Content starts
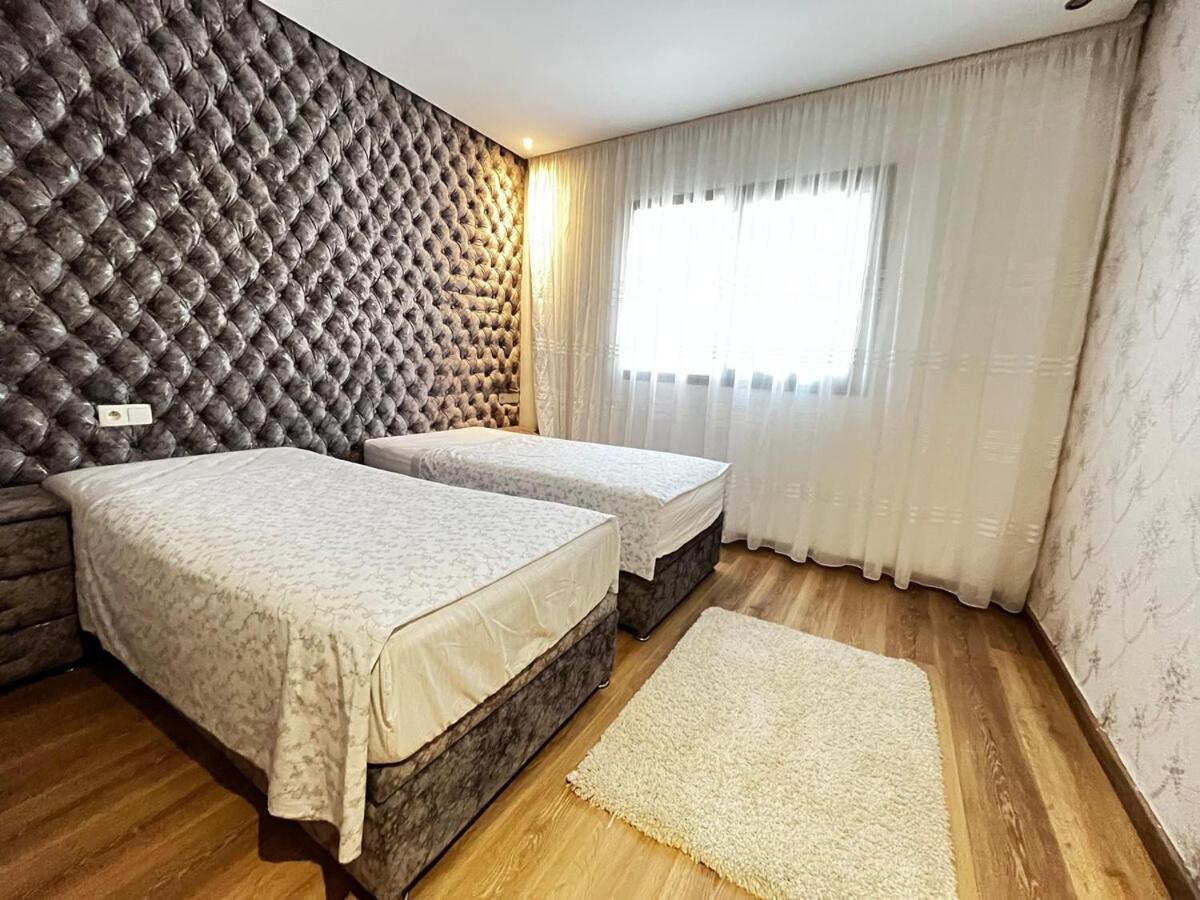 For Daily Rent In Malabasa Hills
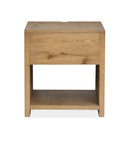 Ripley - Rectangular Table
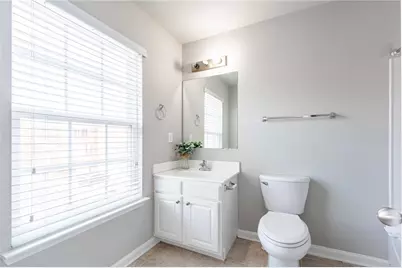 2190 Landing Walk Drive, Duluth, GA 30097 - Photo 25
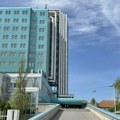 Rešen problem koji je trajao mesecima: Ponovo otvoren važan ulaz u bolnicu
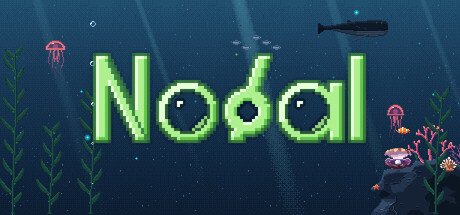 Nodal — Steam header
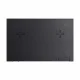 TP-Link TL-SG1005P-PD #5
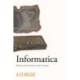 Informatica: Mastering Information Through the Ages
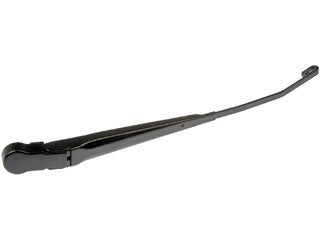 Windshield Wiper Arm Dorman-Help 42630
Content ends
TO DO - Repeat word for word, leaving out the pictures, each line of the records from the line that holds "Informatica: Mastering Information" through the final one.

ANSWER AREA -
 Informatica: Mastering Information Through the Ages
 Windshield Wiper Arm Dorman-Help 42630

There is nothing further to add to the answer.